El universo del poder orgiástico es un eslabón más de esta cadena de concentración de la ganancia financiera. Está guiado por el mismo trasfondo cultural teñido de racismo, en el cual hay una organización del mundo constituida por quienes pueden o aspiran acceder a todo, y los desplazados, los sometidos. Epstein es el símbolo o el síntoma de los primeros, sus víctimas de los segundos. Ese poder absoluto confiere, además, una profunda convicción de impunidad y de legitimidad. Todo está relacionado, porque deriva de una misma lógica.

Una legitimidad del desparpajo que se transfiere a las distintas capas sociales y de la que Trump es el mayor emergente político, y por lo tanto cultural. Antes de Trump también había policías con sed de cobrarse la sangre de los manifestantes, pero se percibían a sí mismos como portadores de un disvalor. Hoy, crece el número de personas que considera que aplicar la violencia extrema en las protestas sociales está bien. Antes de Trump (la primera elección de Obama en 2008 es una prueba), los latinos votaban como un conjunto homogéneo y solidario, le tendían la mano al rezagado para incorporarlo —aunque fuera en ligas menores— al “sueño americano”, lo veían como un hermano. Hoy, muchos latinos integrados al sistema le pisan la cabeza a su congénere para que no ingrese, porque lo ven como un competidor. Ese trasfondo cultural está en disputa en el mundo.

El territorio digital

La pandemia disparó el ritmo de crecimiento de los grandes servidores desde el momento en que se convirtieron en esenciales para hacer factibles la educación, el comercio, las relaciones laborales y familiares. A partir de ello, asumieron cada vez mayores funciones que son inherentes al Estado: liderazgo para el salto tecnológico, tareas académicas, proyectos de investigación, flotas de aviones y camiones, ocupación de grandes extensiones de tierras. La combinación de tres factores —la acumulación de ganancia, la dependencia que genera para la vida cotidiana de las personas y la creciente administración de bienes de utilidad pública en reemplazo del gobierno—, les concede un poder que desafía, necesariamente, a la autoridad estatal.

No es lo mismo asumir funciones públicas desde la autoridad estatal en nombre del interés general, que hacerlo desde una firma privada que, justamente por tener su origen en la pura lógica del mercado, pondrá la administración de bienes universales al servicio de su interés particular. En el primer caso prevalecen los valores comunitarios, en el segundo el individualismo.

Se reproduce la dicotomía entre aquellos que se integran al sistema y aquellos que no. Y en este último caso, de acuerdo con la prédica mediática que es funcional a los capitales monopólicos, la responsabilidad de no estar integrado no recae en la esencia egoísta del sistema, sino en el sentimiento de mediocridad e ineptitud de quienes no logran asimilarse al mismo.

Esta polarización social, de múltiples orígenes, induce a la polarización política.
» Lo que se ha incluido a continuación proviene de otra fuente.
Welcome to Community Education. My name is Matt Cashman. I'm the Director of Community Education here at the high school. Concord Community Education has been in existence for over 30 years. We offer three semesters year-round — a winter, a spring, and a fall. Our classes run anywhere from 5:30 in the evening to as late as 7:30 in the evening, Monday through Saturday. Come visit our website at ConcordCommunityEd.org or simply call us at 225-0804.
Y, como vemos principalmente en América Latina, la polarización entre facciones irreconciliables paraliza la capacidad de la política para intervenir en los procesos económicos en términos de redistribución social de la riqueza. Un nuevo elemento de la concentración de poder en manos privadas en detrimento de la función social de la propiedad, en detrimento de los valores más profundamente humanos.

Supremacismo: la raza superior

Ya no hay lugar para todos en un planeta que ha construido su paradigma organizador desde esa perspectiva. Aunque financiera y tecnológicamente, si la guía para el desarrollo fuera más humana, el mundo estaría en condiciones de mitigar el hambre y garantizar la salud y la vivienda para toda su población. Cuando no hay lugar para todos, surge la “solución final”, el supremacismo racial que garantice la supervivencia de los más aptos, de los puros. Y la bestialidad hacia los inmigrantes (luego de aplicar políticas que los fuerzan a migrar), el armamentismo y el despliegue militar para lograrlo.
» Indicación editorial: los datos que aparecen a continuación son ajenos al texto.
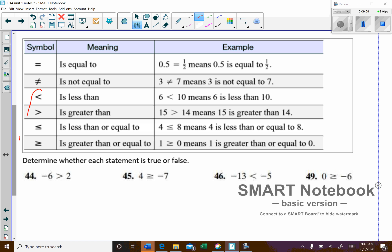The ones that students sometimes mix up are less than and greater than. With practice you'll be fine. 6 is less than 10. 15 is greater than 14. Then there's less than or equal to — 4 is less than or equal to something — which gives a little caveat where it could be equal.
No es porque a mí se me ocurra, lo dijo Marco Rubio en Múnich el pasado 14 de febrero. “Debemos controlar nuestras fronteras nacionales, quiénes y cuántas personas entran en nuestros países es un acto de soberanía nacional, por ser una amenaza urgente a la supervivencia de nuestra civilización”. “La ONU fue incapaz de frenar el programa nuclear de los clérigos chiítas radicales de Teherán, lo hicieron las bombas lanzadas con precisión por bombarderos estadounidenses. Fue incapaz de enfrentar la amenaza a nuestra seguridad de un dictador narcoterrorista en Venezuela, fueron necesarias nuestras fuerzas especiales para llevarse a ese fugitivo”. “No podemos anteponer el llamado ‘orden mundial’ a los intereses vitales de nuestra nación”.

Sin sutilezas, sin metáforas, está todo dicho.
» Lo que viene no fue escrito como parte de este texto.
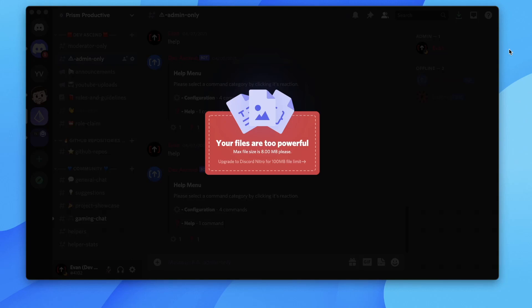In this video I'm going to show you how you can upload larger video files to Discord without having to have Discord Nitro.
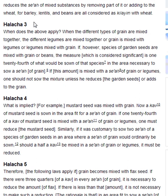Halakha 3. When does the above apply? When the different types of grain are mixed together, the different legumes are mixed together, or grain is mixed with legumes or legumes mixed with grain. If, however, species of garden seeds are mixed with grain or beans, the measure which is considered significant is 1/24th of what would be sown of that species in the area necessary to sow a se'ah of grain. If this amount is mixed with a se'ah of grain or legumes, one should not sow this mixture unless he reduces the garden seeds or adds to the grain.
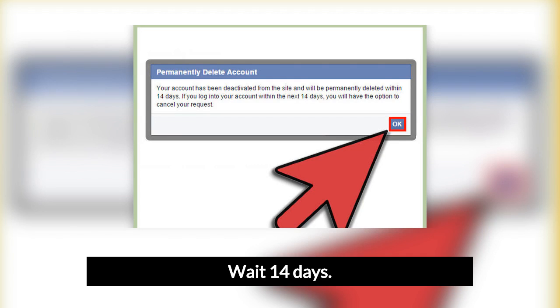So if you're having second thoughts, act fast. If you're positive that you want your account permanently deleted, no further action is required on your part. Simply wait 14 days without logging in and your account will be gone for good.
Aquel llamado orden mundial que controló al mundo durante las últimas cuatro décadas está agotado, y Trump está acelerando el proceso de su derrumbe definitivo. Es decir, “estamos en vísperas”. Pero, ¿en vísperas de qué?

¿Democracia versus autocracia?

En ocasión de presentar mi libro sobre mis años en la OEA, el maestro Atilio Borón me preguntó, no inocentemente, cuál creía que era la razón fundamental por la que los gobiernos latinoamericanos siguen los lineamientos de los Estados Unidos. Le respondí que tenía que ver con la dependencia económica y comercial, y con el hecho de que los Estados Unidos son el aportante principal al financiamiento de esa estructura burocrática. Camino a mi casa me di cuenta de que le había dado una respuesta equivocada. La razón profunda es que creen, y eso no escapa tampoco a muchos agentes de la política exterior argentina del campo popular, que de ese modo seguimos perteneciendo al universo de la libertad, la democracia, la paz y los derechos humanos. Como nos ha hecho creer la propaganda occidental.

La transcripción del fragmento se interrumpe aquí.